Sheyda MirjalaliRoohollah BagherzadehArezo Mahdavi VarposhtiMohsen AsadniaShujuan HuangWenkai ChangShuhua PengChun-Hui WangShuying WuPublished in: ACS applied materials & interfaces (2023)
Over the past few decades, flexible piezoelectric devices have gained increasing interest due to their wide applications as wearable sensors and energy harvesters. Poly(vinylidene fluoride-trifluoroethylene) (PVDF-TrFE), as one of piezoelectric polymers, has caught considerable attention because of its high flexibility, high thermal stability, and biocompatibility. However, its relatively lower piezoelectricity limits its broader applications. Herein, we present a new approach to improving the piezoelectricity of PVDF-TrFE nanofibers by integrating barium titanate (BTO) nanoparticles. Instead of being directly dispersed into PVDF-TrFE nanofibers, the BTO nanoparticles were electrosprayed between the nanofiber layers to create a sandwich structure.
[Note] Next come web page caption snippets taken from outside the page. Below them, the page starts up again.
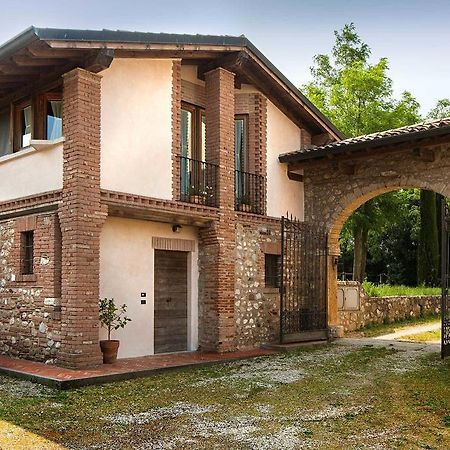 Antico Cascinale Lombardo Bed and Breakfast Lonato Δωμάτιο φωτογραφία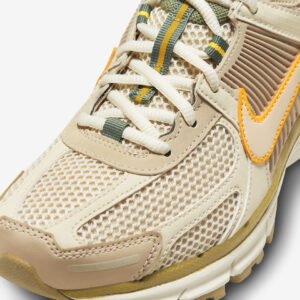 Nike Zoom Vomero 5 'Sail Laser Medium'6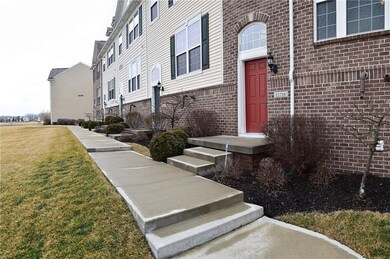 12716 Tamworth Dr, Fishers, IN 46037 - photo 2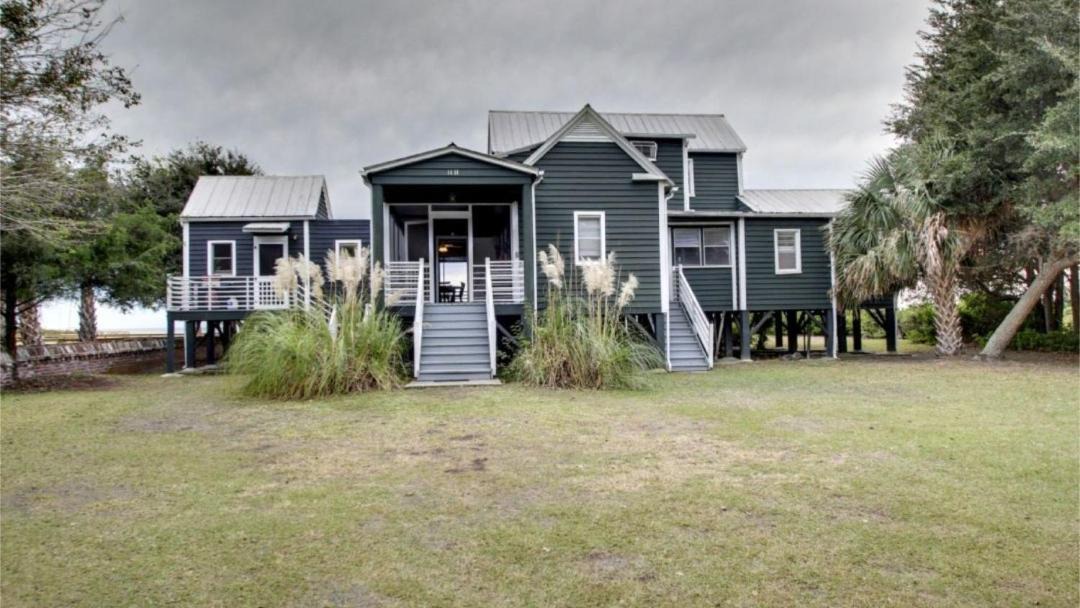 Photo of Others in Sullivan's Island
The results showed that the sample with BTO sandwiched between PVDF-TrFE nanofibers showed a much higher piezoelectric output compared to the sample with BTO uniformly dispersed in the nanofibers, with a maximum of ∼ 457% enhancement. Simulation results suggested that the enhanced piezoelectricity is due to the larger strain induced in the BTO nanoparticles in the sandwich structure. Additionally, BTO might be better poled during electrospraying with higher field strength, which is also believed to contribute to enhanced piezoelectricity. The potential of the piezoelectric nanofiber mats as a sensor for measuring biting force and as a sensor array for pressure mapping was demonstrated.